→ **Work to complete**
If a record holds a picture, leave the picture out; return everything else exactly.

→ **Exercise data**
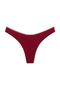 3-Piece Cotton High Waist Brazilian Cut Women's Panties - 7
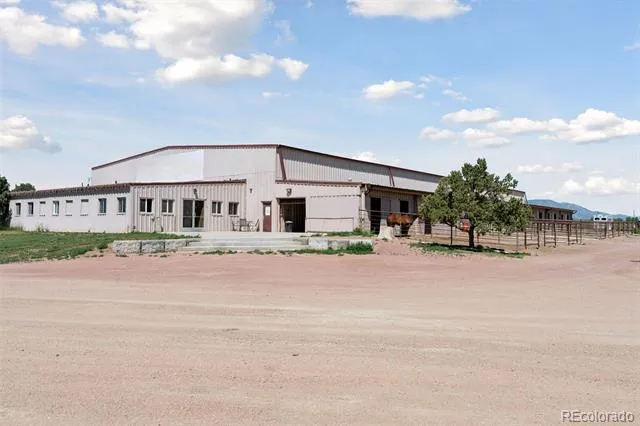 16990 Old Pueblo Road Fountain, CO 80817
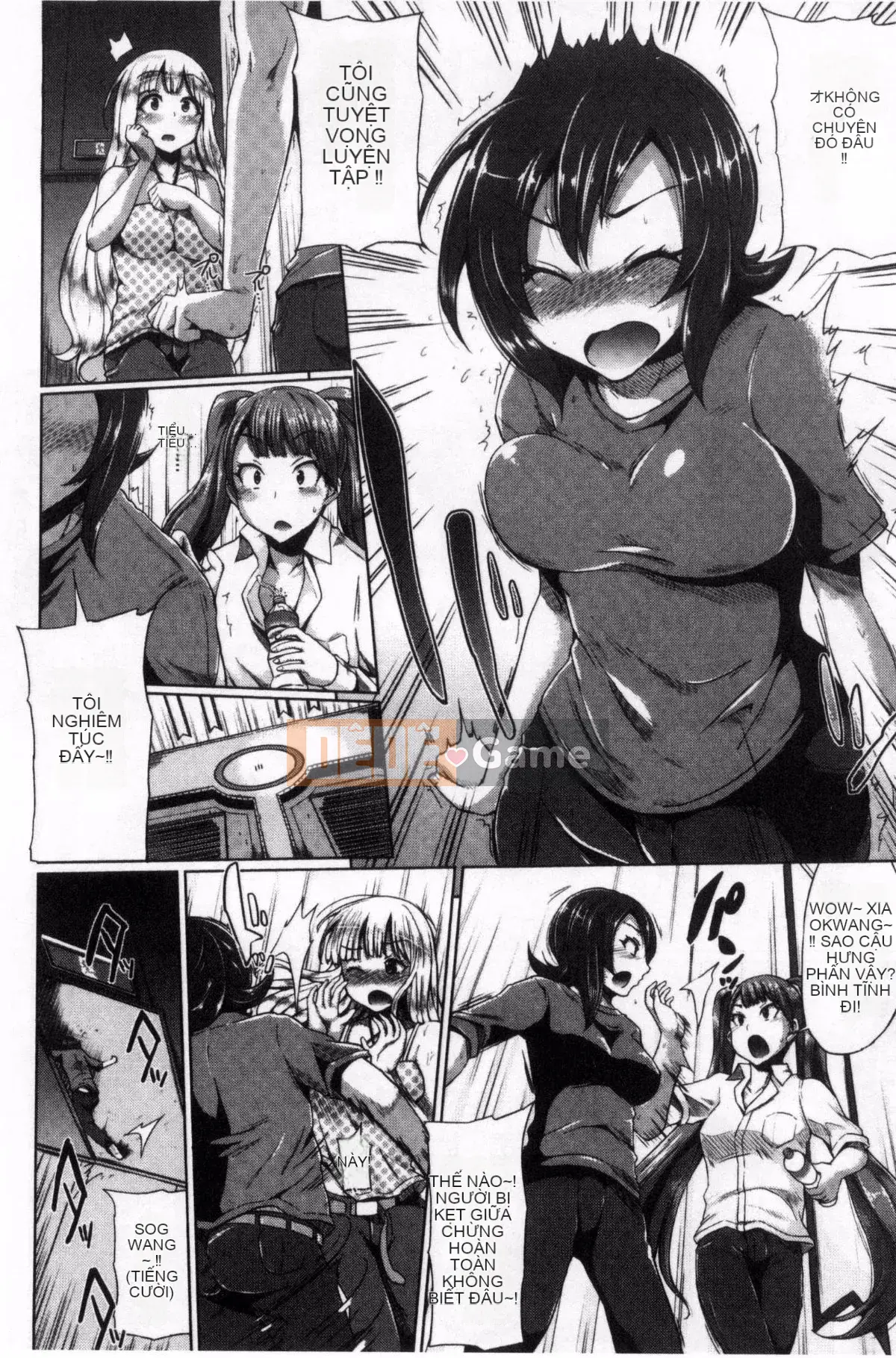 [Yumeno Tanuki] Hỗn hợp Osumesu!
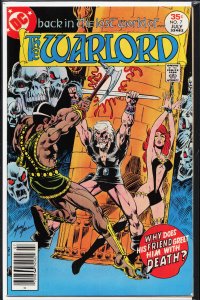 Warlord #7 (1977) Warlord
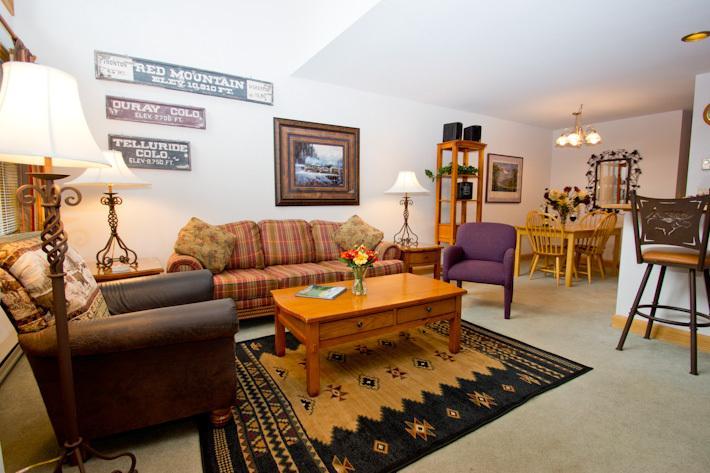 Cimarron Lodge Telluride Buitenkant foto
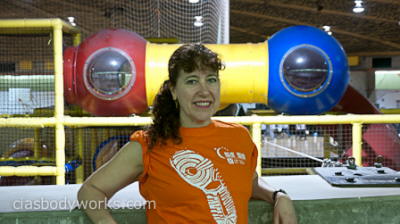 Cia Tweel 2012 Metro University Relay for Life-1150861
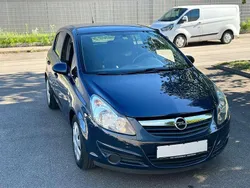 Blau Gebraucht 2010 Opel Corsa Edition Kleinwagen | 4.300 € (Fairer Preis)
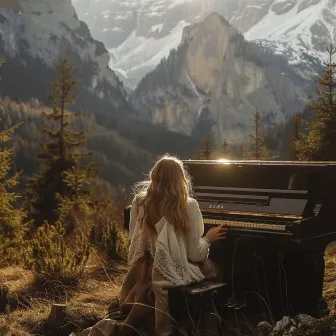 Piano Relajante: Tonos Suaves Para La Relajación Canina by La Academia del Sueño de Viena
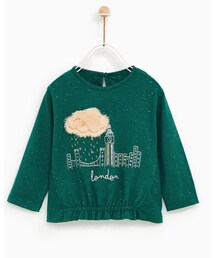 ZARA KIDS | Tシャツ/カットソー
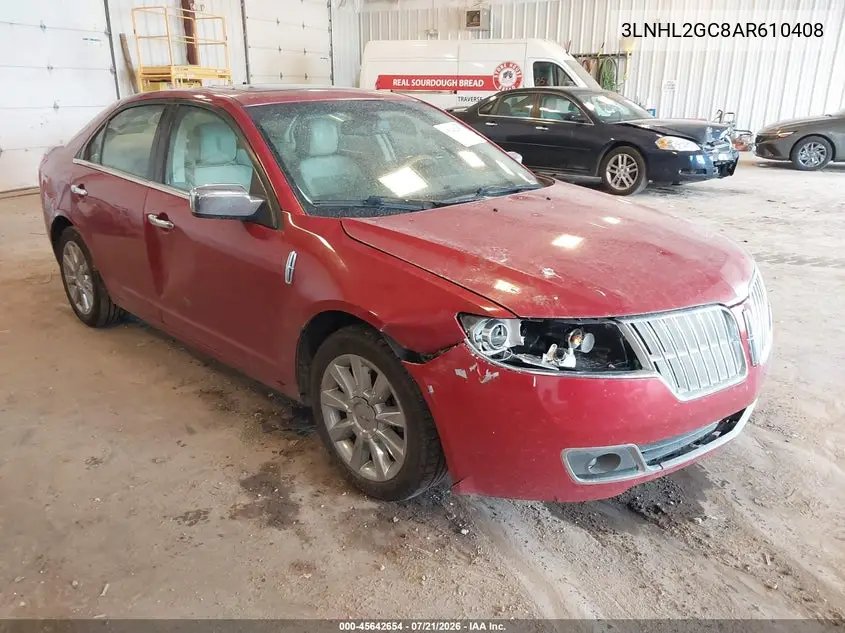 Lincoln MKZ (Zephyr)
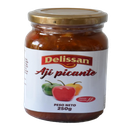 Aji Picante Delissan 250Gr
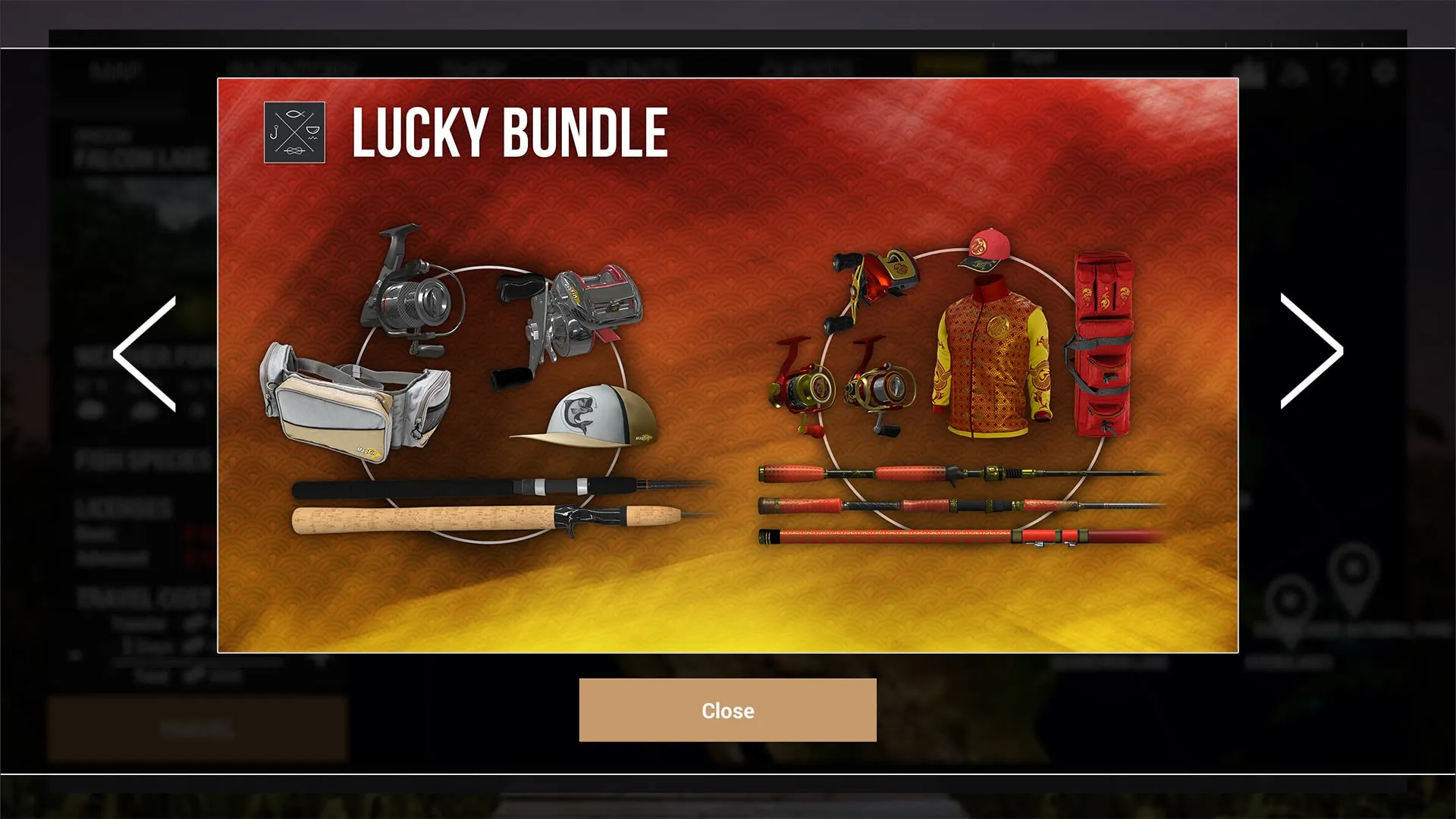 Fishing Planet: Lucky Bundle - изображение 2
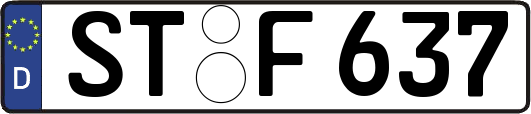 ST-F637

→ **Final answer**
 3-Piece Cotton High Waist Brazilian Cut Women's Panties - 7
 16990 Old Pueblo Road Fountain, CO 80817
 [Yumeno Tanuki] Hỗn hợp Osumesu!
 Warlord #7 (1977) Warlord
 Cimarron Lodge Telluride Buitenkant foto
 Cia Tweel 2012 Metro University Relay for Life-1150861
 Blau Gebraucht 2010 Opel Corsa Edition Kleinwagen | 4.300 € (Fairer Preis)
 Piano Relajante: Tonos Suaves Para La Relajación Canina by La Academia del Sueño de Viena
 ZARA KIDS | Tシャツ/カットソー
 Lincoln MKZ (Zephyr)
 Aji Picante Delissan 250Gr
 Fishing Planet: Lucky Bundle - изображение 2
 ST-F637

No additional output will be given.